Task instructions ▸ Pictures in the data should be dropped; transcribe exactly the lines from the one that has "2027 Pink Graduation" through the one that has "חיצוני עמיד למים".

Materials provided ▸

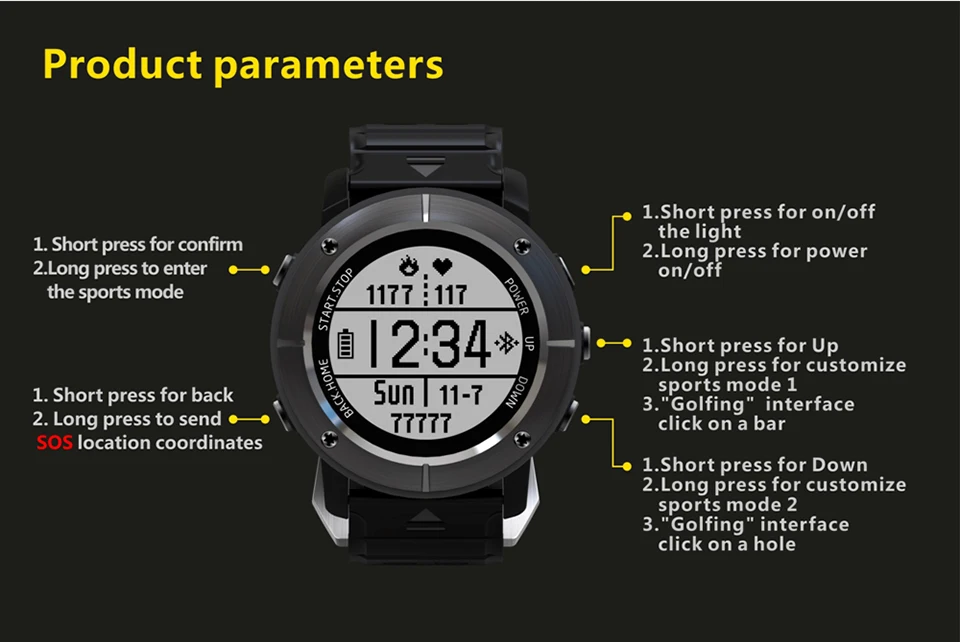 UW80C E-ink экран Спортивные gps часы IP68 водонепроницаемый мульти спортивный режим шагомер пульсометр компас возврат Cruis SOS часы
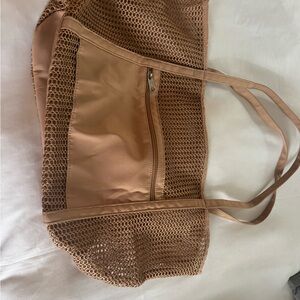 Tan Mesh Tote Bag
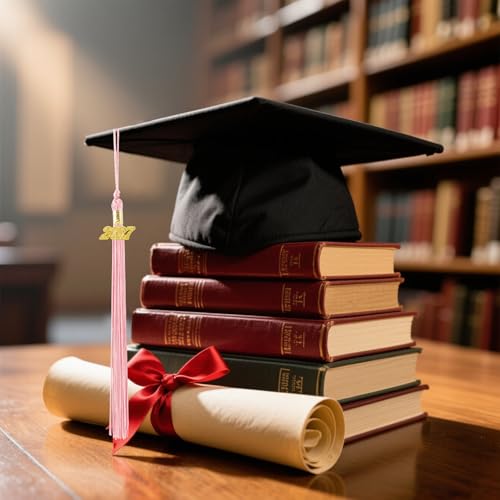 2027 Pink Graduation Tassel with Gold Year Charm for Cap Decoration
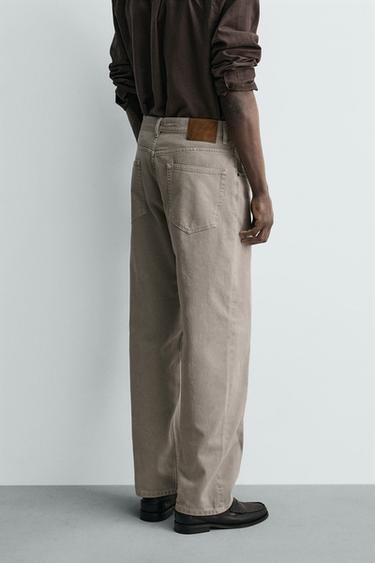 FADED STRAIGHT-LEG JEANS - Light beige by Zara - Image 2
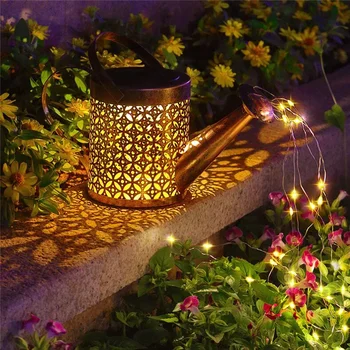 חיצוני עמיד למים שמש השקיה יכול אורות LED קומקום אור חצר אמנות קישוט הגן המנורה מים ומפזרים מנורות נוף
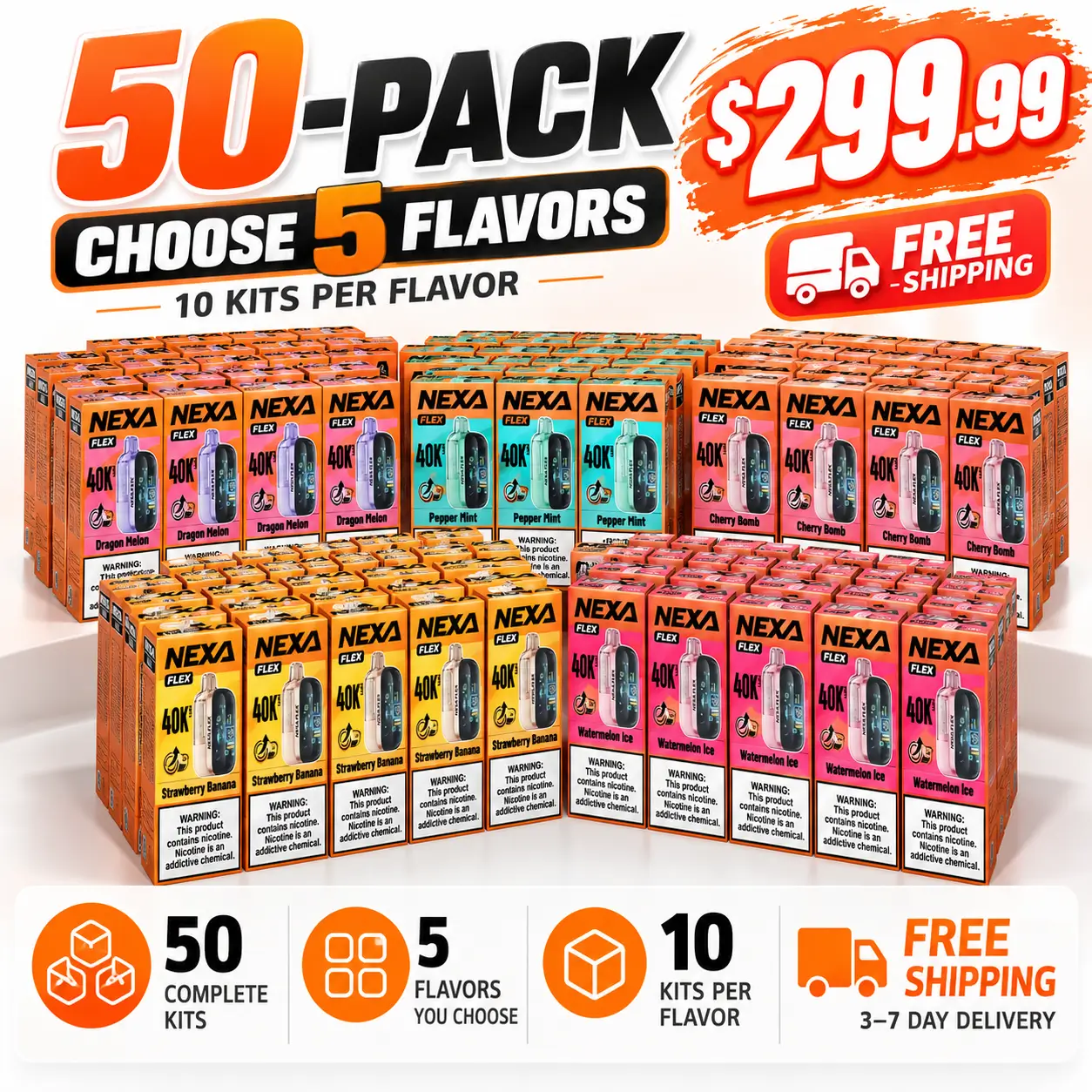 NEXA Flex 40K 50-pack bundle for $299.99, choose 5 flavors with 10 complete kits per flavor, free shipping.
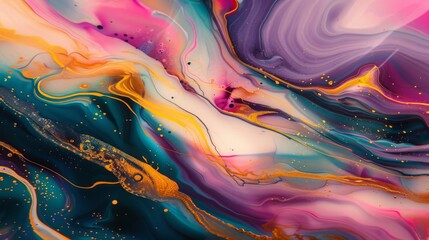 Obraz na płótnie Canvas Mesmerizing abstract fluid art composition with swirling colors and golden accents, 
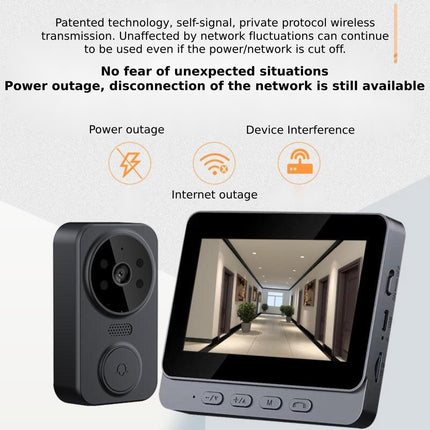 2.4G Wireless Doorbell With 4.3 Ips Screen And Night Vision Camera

Task answer ▸
 2027 Pink Graduation Tassel with Gold Year Charm for Cap Decoration
 FADED STRAIGHT-LEG JEANS - Light beige by Zara - Image 2
 חיצוני עמיד למים שמש השקיה יכול אורות LED קומקום אור חצר אמנות קישוט הגן המנורה מים ומפזרים מנורות נוף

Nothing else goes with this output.